Some must-try foods in HCMC
Com Tam (Broken rice with grilled pork chop)
|Photo: Dạy nấu ăn|
Literally translated as “broken rice”, this hearty dish is served for breakfast, lunch and dinner. This dish started with humble beginnings with Vietnamese farmers serving this rice at home as the “broken” leftovers were not suitable to sell in the market. Nowadays, it is served in Saigon and isn’t just for farmers anymore, said City Pass Guide.
The dish is usually served with many different meat options such as suon nuong (barbecued pork chop), bi (shredded pork skin), cha trung (steamed pork and egg patty) or trung op la (fried egg). Diced green onion in oil is sprinkled on the meat and a side of pickled vegetables and sliced cucumber finish the plate. Served on the side is a bowl of the ubiquitous nuoc cham dipping sauce.
Bun Thit Nuong (Rice vermicelli with grilled pork)
|Photo: Hướng Nghiệp Á Âu Đà Nẵng|
Brightly coloured and fresh in flavour, this noodle dish is a great alternative to the heavier pho or com dishes served in Saigon. Unlike most Vietnamese dishes, bun thit nuong is served in one bowl and doesn’t come with additional garnishes.

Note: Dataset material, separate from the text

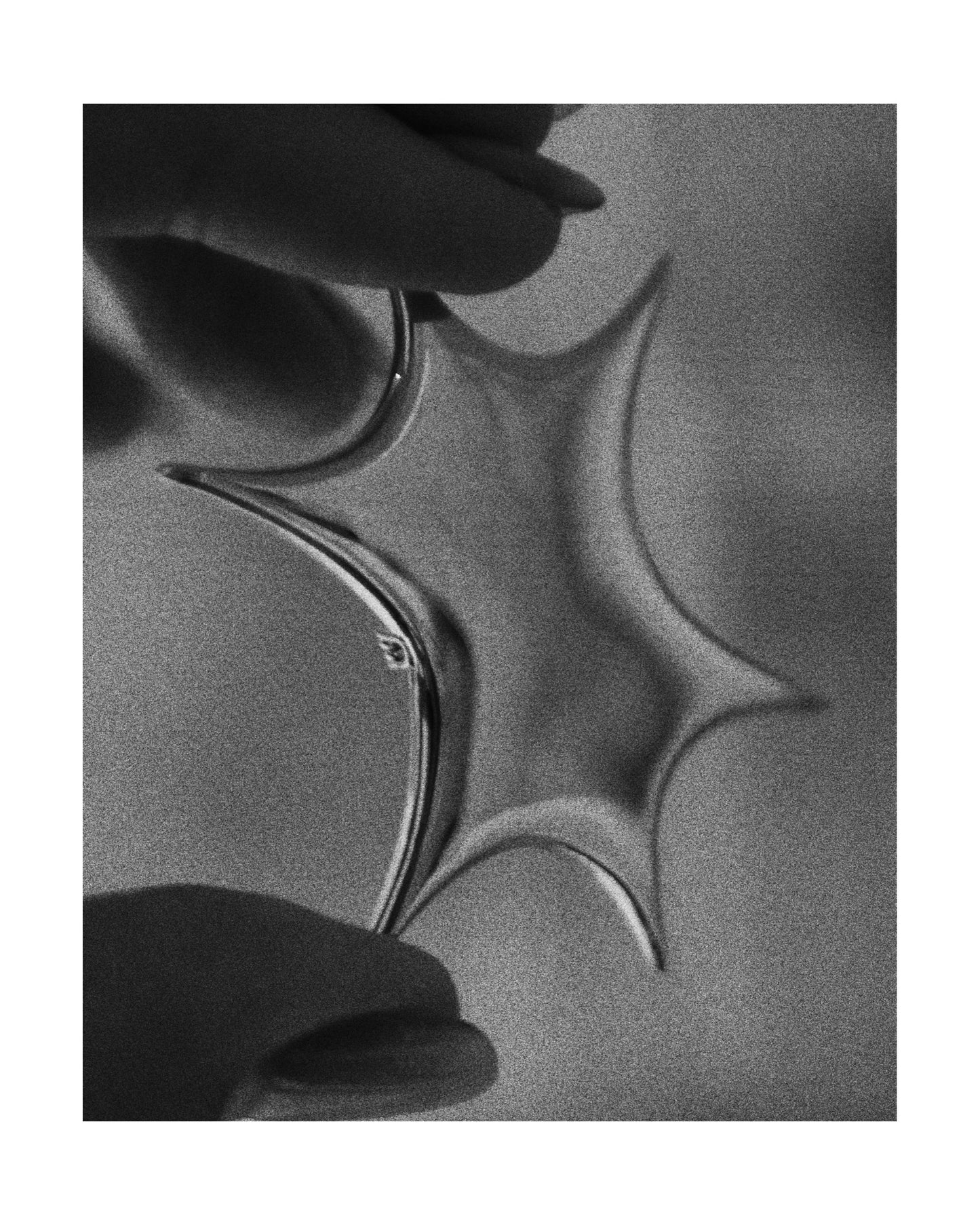 〔small article〕 Scoop light brooch「すくい取った光の断片」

The Saigon version highlights the wealth of fresh vegetables produced in the neighboring Mekong Delta and Dalat regions. Fresh chopped leaf lettuce, sliced cucumber, bean sprouts, pickled daikon and carrot, basil, chopped peanuts, and mint are served with vermicelli rice noodle and topped with grilled pork shoulder.
You can also get the dish with cha gio (eggrolls) or nem nuong (grilled ground pork meatballs). Nuoc cham is served on the side and should be poured into the bowl. Mix it all up and what you have is a taste sensation in your mouth.

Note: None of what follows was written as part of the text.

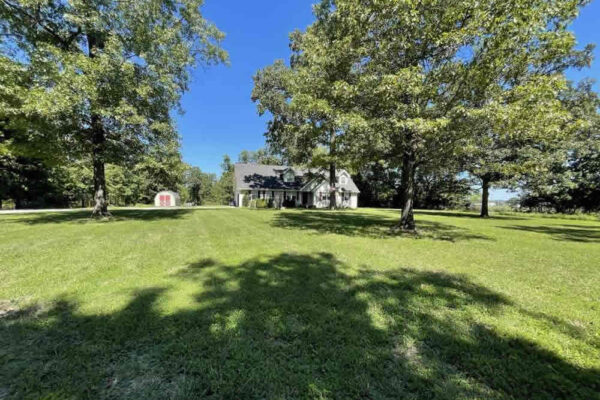 auction-10-29-22-402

Hu Tieu (Rice noodle soup)
|Photo: Đào Tạo Bếp Trưởng Á Âu|
Though pho is the starlet of Vietnamese cuisine, its humble Saigonese cousin hu tieu is a soup that shouldn’t be overlooked. Named after a noodle made from tapioca, there are countless variations served in restaurants in Ho Chi Minh City. One unifying ingredient is the broth. Lighter in flavour and a touch sweet, the broth is made from pork instead of beef.

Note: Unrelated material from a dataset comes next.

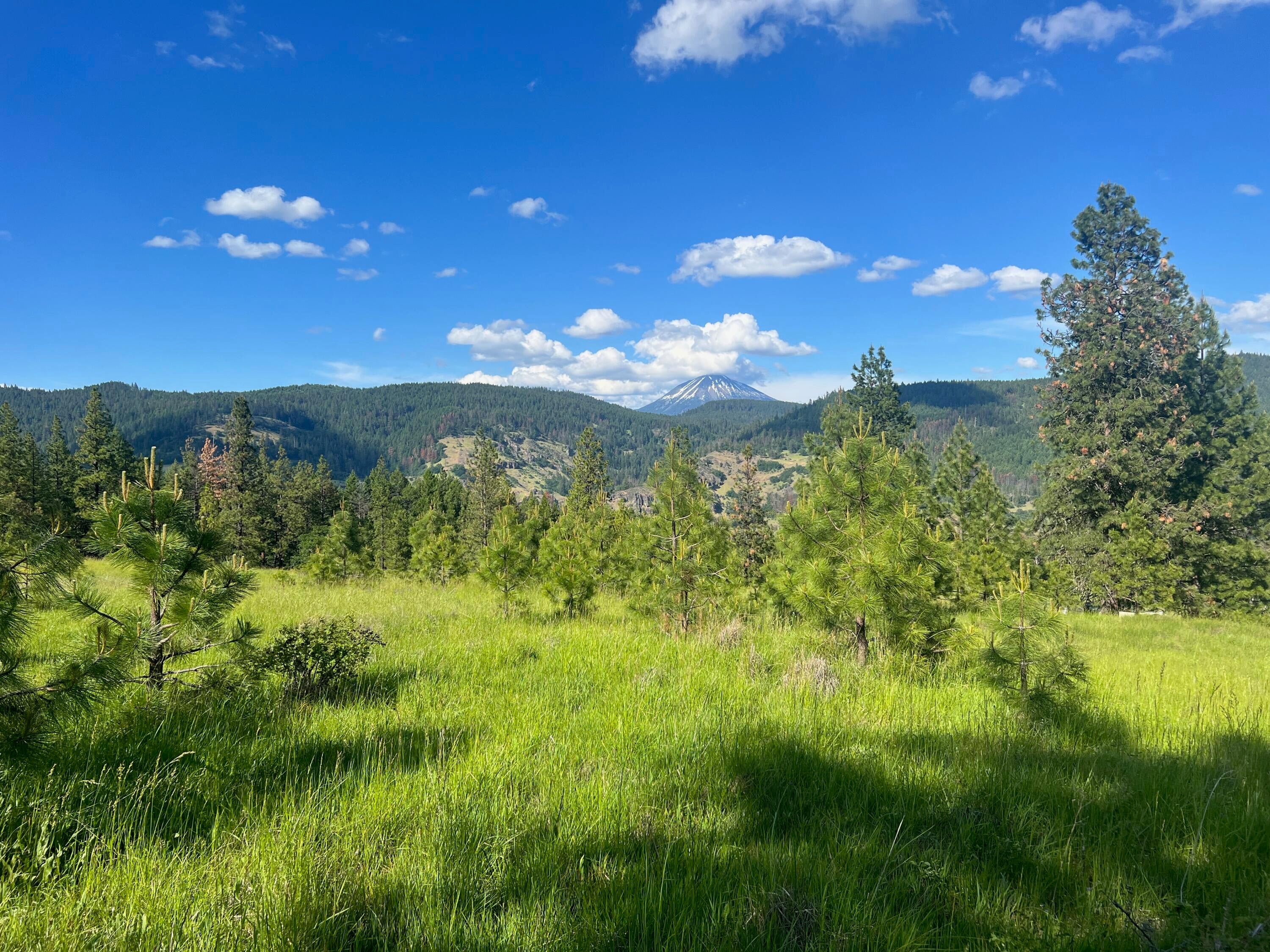 0 South F Little Butte Creek Road, Unit 2700 Eagle Point, OR 97524 - Photo 5 of 16 5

Though the definitive hu tieu is called hu tieu xuong that consists of pork ribs as the main meat ingredient, each restaurant or stall features their own specialties. Toppings can consist of sliced pork shoulder, a whole pork chop, wonton dumplings, meatballs, shrimp, squid, and/or fish. You can even mix up the hu tieu noodles with some pho or mi (chinese egg noodles) noodles for a bit of textural contrast.
|Photo: Hanoi Times|
Take a walk anywhere in Saigon and you will eventually run into someone selling banh mi. Tasty, filling and most importantly quick to prepare, these sandwiches are perfect for fast paced Saigon life.
It isn’t banh mi unless it’s on a baguette. The type of baguette will range from each region and baguettes that originate in Saigon are generally lighter yet crustier in texture. Fillings consist of butter, soy sauce, pickled daikon sprouts and carrots, cucumber and coriander. Chilies are optional if you want to spice things up. The meat options are aplenty and a slew of them are listed here: cha ca (fried fish with turmeric and dill), cha lua (steamed pork roll), heo quay (roasted pork belly), pho mai (laughing cow cheese), pa te (pate), xiu mai (meatballs), thit ga (boiled chicken), thit nuong (grilled pork loin), trung op la (fried egg), and xa xiu (chinese barbecued pork).